Prompt –
Whatever lies between the line with "Holland. Wilhelmina (1890-1948)." and the end of the data, both included, must be copied exactly and without pictures.

Dataset section –

--- START ---

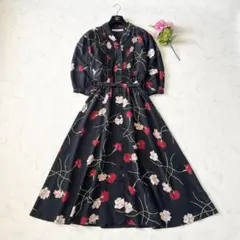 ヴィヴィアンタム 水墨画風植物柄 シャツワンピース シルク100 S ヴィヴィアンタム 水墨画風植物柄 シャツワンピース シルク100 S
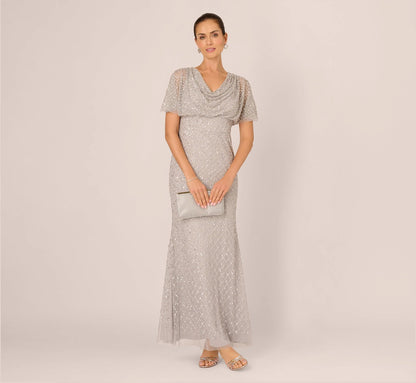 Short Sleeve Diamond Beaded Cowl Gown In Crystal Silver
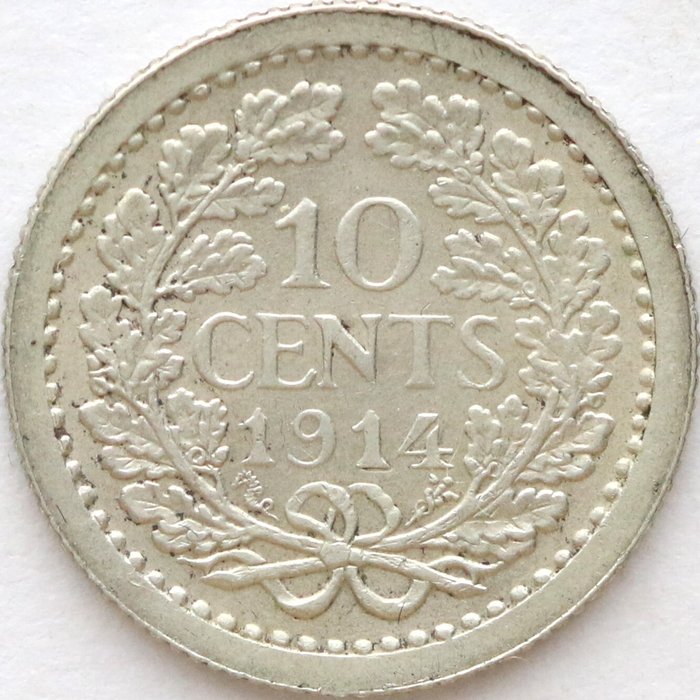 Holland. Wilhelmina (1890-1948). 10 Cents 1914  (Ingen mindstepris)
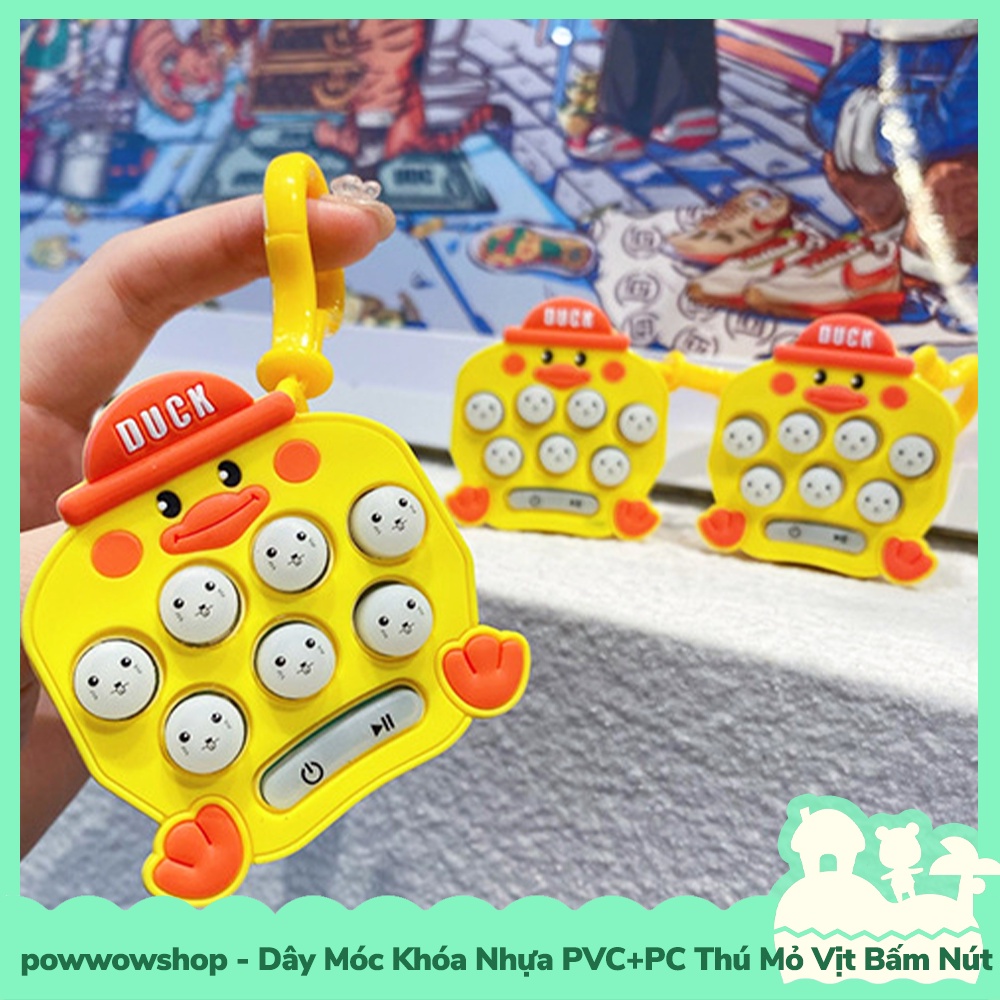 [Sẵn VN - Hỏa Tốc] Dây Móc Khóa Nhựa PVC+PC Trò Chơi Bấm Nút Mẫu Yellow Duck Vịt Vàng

--- END ---

Written response –
 Holland. Wilhelmina (1890-1948). 10 Cents 1914  (Ingen mindstepris)
 [Sẵn VN - Hỏa Tốc] Dây Móc Khóa Nhựa PVC+PC Trò Chơi Bấm Nút Mẫu Yellow Duck Vịt Vàng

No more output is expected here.